Director of RESULTS UK and the Developed Country Civil Society Constituency Representative to the STOP TB Partnership Board
A new report calculates that we can prevent 10 million people from dying from tuberculosis if we invest in both fighting the disease and research and development, putting the world on the path to end tuberculosis (TB).
The Global Plan To End TB, published by the Stop TB Partnership, proposes that 2015 should be a turning point in the battle against what has become the world’s deadliest killer. Whilst deaths from TB have fallen 47 per cent since 1994 thanks to improved diagnosis and treatment, in 2014 3.6 million cases of the disease remained undiagnosed and untreated, with 1.5 million deaths in 2014 alone. As progress against multi-drug resistant TB and TB-HIV co-infection stalls, the Global Plan calls for the world to accelerate its response.

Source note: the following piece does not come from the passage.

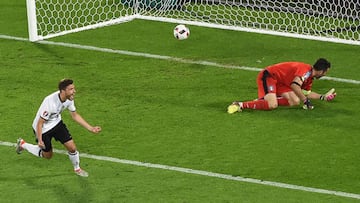 Hector celebra el penalti decisivo ante Italia que clasificó a Alemania para las semifinales de la Eurocopa 2016.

“For the first time we can see the end of TB with a global, costed plan, underpinned by the ambitious strategy of the WHO to end TB,” explains Aaron Oxley, Director of RESULTS, a member of the Stop TB Partnership. “What the Global Plan does is provide a road map to show what needs to be done and the resources that are needed to do it.”
Targets have been set by WHO to reduce the number of TB deaths by 90 per cent by 2030 (compared with 2015 levels) and cut new cases by 80 per cent. However, the Global Plan calculates that in order to reach these goals, a significant increase in funding is required along with a shift in attitudes toward the disease.
“TB has never received vital political attention or large amounts of funding,” says Oxley. “There has been chronic underinvestment and we are now seeing this stagnate, or even decline in some areas such as research and development.”
A lack of diagnostic capacity has hampered an effective response, particularly in HIV-associated and drug-resistant TB.
The most widely used method to detect TB is to simply look for the germs under a microscope. However, this doesn’t detect drug-resistance and further tests are required. The WHO estimates that only 26 per cent of the global total of people with drug-resistant TB are being diagnosed.
The use of a rapid molecular diagnostic tests has expanded substantially since 2010, giving a more accurate diagnosis and a quicker response, but more investment is needed to ensure coverage is extended and to continue developing tests that can be used at the point-of-care.
Alongside advancements in diagnostics, significant investment is also needed to develop new drugs and vaccines. Drug-resistant TB poses a huge threat, and only 50 per cent of patients successfully complete treatment. In addition, extra attention needs to be given to treating those with TB who are also HIV positive, as TB now accounts for one in every three deaths among people living with HIV.
Whilst the challenges remain immense, change is possible. “People say it can’t be done, but, the reality is that it has already begun,” explains Oxley. “In South Africa they made the bold decision to role out the latest molecular diagnostics across the country so everyone would have access. The impact has been remarkable.”
The Stop TB Partnership hope the latest plan will give the global community both the tools and the inspiration to step up their efforts to tackle TB. “We are in better position than ever before, and we know just what we need to do,” concludes Oxley. “It’s time to end TB.